A husky fifenote blew.
Blew. Blue bloom is on the
Gold pinnacled hair.
A jumping rose on satiny breasts of satin, rose of Castille.
Trilling, trilling: I dolores.
For me, this is just obscure for the sake of obscurity. Unlike the other obscurities in the novel, I think that this is one that gives no enjoyment if you're not already in on the joke. By contrast, the changing literary styles in, say, the "Golden Oxen" episode are fun to read even if you don't get the pregnancy symbolism.
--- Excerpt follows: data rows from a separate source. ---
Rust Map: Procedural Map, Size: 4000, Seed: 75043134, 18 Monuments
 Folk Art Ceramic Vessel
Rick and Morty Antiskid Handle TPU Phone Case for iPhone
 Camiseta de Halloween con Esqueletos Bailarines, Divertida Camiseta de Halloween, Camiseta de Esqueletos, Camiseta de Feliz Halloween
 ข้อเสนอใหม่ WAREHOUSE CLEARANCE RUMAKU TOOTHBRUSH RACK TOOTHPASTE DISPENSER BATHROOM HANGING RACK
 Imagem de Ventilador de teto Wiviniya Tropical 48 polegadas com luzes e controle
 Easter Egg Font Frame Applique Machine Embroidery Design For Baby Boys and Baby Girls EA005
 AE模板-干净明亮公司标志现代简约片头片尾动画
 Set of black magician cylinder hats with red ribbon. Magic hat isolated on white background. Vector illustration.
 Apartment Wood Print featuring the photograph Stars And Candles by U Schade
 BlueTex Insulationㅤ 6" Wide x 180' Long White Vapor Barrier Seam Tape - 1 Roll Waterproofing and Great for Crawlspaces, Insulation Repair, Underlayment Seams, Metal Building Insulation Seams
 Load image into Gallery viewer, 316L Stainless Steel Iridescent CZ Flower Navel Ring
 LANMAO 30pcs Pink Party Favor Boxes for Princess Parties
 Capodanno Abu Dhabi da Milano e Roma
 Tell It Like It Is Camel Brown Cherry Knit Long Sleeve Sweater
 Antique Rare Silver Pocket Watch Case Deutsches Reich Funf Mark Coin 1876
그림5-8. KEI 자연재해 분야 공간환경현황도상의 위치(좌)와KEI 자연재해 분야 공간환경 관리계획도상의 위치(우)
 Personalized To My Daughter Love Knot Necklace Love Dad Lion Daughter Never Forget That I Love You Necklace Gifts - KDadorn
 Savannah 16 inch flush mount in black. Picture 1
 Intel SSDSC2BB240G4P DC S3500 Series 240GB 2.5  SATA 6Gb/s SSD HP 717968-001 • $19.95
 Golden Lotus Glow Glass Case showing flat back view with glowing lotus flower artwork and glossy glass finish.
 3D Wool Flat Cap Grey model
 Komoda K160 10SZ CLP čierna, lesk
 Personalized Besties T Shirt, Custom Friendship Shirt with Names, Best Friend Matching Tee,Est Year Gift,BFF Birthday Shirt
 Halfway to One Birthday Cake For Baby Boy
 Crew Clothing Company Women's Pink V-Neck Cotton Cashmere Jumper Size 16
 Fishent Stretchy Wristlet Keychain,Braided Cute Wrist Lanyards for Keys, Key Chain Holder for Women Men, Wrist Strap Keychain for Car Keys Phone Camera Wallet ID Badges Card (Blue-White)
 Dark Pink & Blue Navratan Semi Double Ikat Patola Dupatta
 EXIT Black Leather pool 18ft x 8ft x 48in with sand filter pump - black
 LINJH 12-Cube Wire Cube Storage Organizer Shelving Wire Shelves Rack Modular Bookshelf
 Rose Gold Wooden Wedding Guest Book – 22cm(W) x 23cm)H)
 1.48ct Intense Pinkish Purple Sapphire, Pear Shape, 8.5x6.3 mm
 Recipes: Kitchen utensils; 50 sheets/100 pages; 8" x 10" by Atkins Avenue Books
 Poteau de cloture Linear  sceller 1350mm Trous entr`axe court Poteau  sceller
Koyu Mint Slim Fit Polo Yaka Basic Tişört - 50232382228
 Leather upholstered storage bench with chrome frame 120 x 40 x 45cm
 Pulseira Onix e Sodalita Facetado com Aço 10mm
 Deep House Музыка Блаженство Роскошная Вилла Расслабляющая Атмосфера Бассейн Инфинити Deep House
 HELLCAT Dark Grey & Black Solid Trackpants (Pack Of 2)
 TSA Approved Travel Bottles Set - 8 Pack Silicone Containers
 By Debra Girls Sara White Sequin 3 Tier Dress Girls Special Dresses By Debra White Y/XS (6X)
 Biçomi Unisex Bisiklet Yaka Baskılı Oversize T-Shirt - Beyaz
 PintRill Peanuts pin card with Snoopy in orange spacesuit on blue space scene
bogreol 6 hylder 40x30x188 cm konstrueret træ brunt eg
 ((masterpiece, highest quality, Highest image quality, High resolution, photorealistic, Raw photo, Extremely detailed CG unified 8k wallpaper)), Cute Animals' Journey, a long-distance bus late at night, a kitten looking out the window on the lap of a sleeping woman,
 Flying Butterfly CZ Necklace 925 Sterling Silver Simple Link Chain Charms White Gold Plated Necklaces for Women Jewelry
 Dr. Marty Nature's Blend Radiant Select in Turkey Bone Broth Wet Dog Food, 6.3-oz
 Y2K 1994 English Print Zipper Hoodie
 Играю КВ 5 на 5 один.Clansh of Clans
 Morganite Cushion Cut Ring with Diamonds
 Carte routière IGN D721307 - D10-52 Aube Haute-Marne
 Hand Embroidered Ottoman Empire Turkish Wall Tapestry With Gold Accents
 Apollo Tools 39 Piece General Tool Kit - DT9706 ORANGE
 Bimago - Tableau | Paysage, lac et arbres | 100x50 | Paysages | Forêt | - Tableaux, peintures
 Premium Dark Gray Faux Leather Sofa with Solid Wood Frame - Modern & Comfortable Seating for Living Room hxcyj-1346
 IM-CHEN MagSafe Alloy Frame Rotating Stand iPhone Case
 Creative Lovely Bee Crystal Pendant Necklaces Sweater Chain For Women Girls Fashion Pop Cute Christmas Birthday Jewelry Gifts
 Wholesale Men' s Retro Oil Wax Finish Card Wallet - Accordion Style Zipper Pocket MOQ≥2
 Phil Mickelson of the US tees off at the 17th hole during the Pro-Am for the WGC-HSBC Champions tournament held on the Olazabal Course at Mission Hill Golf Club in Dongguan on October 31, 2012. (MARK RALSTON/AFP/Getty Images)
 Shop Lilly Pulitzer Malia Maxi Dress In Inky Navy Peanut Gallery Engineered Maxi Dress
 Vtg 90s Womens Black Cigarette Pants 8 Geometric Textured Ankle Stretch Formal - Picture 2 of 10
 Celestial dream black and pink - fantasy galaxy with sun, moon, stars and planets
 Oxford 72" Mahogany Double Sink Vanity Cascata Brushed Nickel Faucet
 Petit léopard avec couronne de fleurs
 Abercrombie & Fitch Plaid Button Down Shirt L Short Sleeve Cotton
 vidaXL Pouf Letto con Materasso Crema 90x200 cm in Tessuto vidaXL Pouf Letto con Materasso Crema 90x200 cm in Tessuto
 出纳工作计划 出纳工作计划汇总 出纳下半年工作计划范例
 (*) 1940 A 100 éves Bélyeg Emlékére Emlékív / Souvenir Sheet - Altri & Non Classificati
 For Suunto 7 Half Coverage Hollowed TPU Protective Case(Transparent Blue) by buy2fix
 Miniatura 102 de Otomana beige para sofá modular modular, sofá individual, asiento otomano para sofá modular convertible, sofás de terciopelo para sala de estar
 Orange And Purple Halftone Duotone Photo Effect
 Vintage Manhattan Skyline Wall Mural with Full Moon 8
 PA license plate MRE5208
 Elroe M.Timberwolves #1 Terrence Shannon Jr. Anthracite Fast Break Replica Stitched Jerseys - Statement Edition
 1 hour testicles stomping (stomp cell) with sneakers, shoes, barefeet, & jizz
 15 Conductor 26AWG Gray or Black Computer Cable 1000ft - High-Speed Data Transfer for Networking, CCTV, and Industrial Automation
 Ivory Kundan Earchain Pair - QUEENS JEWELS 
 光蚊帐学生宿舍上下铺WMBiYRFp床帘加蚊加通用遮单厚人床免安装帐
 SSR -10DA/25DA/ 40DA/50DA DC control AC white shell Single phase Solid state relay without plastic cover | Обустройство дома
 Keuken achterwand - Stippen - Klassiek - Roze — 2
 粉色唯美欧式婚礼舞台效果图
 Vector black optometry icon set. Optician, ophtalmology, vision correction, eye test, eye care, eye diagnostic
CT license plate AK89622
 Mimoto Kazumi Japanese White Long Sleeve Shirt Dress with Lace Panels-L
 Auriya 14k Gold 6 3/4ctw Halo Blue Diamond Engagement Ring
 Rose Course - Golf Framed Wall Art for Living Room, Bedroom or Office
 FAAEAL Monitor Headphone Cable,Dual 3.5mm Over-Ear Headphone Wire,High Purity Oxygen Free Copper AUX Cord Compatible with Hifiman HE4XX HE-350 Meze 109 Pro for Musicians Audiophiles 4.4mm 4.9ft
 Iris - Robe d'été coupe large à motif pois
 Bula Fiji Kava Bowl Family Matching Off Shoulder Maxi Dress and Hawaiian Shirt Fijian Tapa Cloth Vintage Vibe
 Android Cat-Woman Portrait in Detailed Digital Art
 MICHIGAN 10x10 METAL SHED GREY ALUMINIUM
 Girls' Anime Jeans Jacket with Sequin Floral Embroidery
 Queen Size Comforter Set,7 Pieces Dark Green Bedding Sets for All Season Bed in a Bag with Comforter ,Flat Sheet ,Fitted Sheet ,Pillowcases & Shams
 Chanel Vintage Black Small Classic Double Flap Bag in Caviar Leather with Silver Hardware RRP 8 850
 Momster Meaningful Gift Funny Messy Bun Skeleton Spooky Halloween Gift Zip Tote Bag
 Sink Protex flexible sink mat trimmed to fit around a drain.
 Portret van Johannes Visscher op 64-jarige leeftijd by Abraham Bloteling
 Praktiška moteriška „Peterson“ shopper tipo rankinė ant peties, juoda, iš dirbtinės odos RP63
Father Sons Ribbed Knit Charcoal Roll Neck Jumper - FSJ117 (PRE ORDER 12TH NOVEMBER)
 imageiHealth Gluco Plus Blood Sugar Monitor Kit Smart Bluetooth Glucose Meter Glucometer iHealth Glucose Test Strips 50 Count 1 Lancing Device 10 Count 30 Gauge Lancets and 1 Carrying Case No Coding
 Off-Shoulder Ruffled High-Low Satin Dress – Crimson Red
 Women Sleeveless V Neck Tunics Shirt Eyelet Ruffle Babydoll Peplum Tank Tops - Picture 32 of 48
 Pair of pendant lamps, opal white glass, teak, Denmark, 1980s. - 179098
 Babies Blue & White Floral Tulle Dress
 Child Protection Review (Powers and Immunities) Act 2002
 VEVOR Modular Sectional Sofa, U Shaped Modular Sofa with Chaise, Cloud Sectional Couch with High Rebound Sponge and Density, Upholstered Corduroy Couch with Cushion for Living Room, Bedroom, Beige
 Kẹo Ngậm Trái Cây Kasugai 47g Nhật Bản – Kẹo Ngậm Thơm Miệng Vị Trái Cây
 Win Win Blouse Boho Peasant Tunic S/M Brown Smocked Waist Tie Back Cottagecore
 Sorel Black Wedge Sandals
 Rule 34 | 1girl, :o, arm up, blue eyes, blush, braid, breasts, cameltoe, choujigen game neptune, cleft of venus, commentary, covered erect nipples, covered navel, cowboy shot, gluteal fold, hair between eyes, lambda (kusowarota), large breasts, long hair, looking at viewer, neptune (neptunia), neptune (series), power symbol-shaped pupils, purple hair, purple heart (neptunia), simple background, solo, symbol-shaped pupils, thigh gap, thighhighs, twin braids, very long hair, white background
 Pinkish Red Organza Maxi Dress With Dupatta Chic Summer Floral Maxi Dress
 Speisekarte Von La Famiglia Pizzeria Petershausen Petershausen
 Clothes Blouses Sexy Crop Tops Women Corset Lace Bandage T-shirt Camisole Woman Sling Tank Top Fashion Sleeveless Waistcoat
Since starting to write this entry, I've begun the "Cyclops" episode, and the same thing is true -- the mix of literary styles is very funny, even if you don't understand quite why they're there.
By contrast, the "Wandering Rocks" episode seems like an exercise in lucidity. I understand that that's one of the traps Joyce has laid -- the chapter is not quite as straightforward as it seems, with its tricks like referring to the wrong Bloom -- but it's still a section that's very rewarding even on the most surface reading. Joyce's portrait of Father Conmee is satirical and affectionate at once; he manages to throw a lot of pathos into the short bit with Stephen's family; and so on. I can imagine excerpting just this chapter to hand to someone as an independent short story, called "An Hour in the Life of Dublin" or something.
As I mentioned above, I've just started on the "Cyclops", one of my other favorites, and a huge contrast to the clarity of "Wandering Rocks."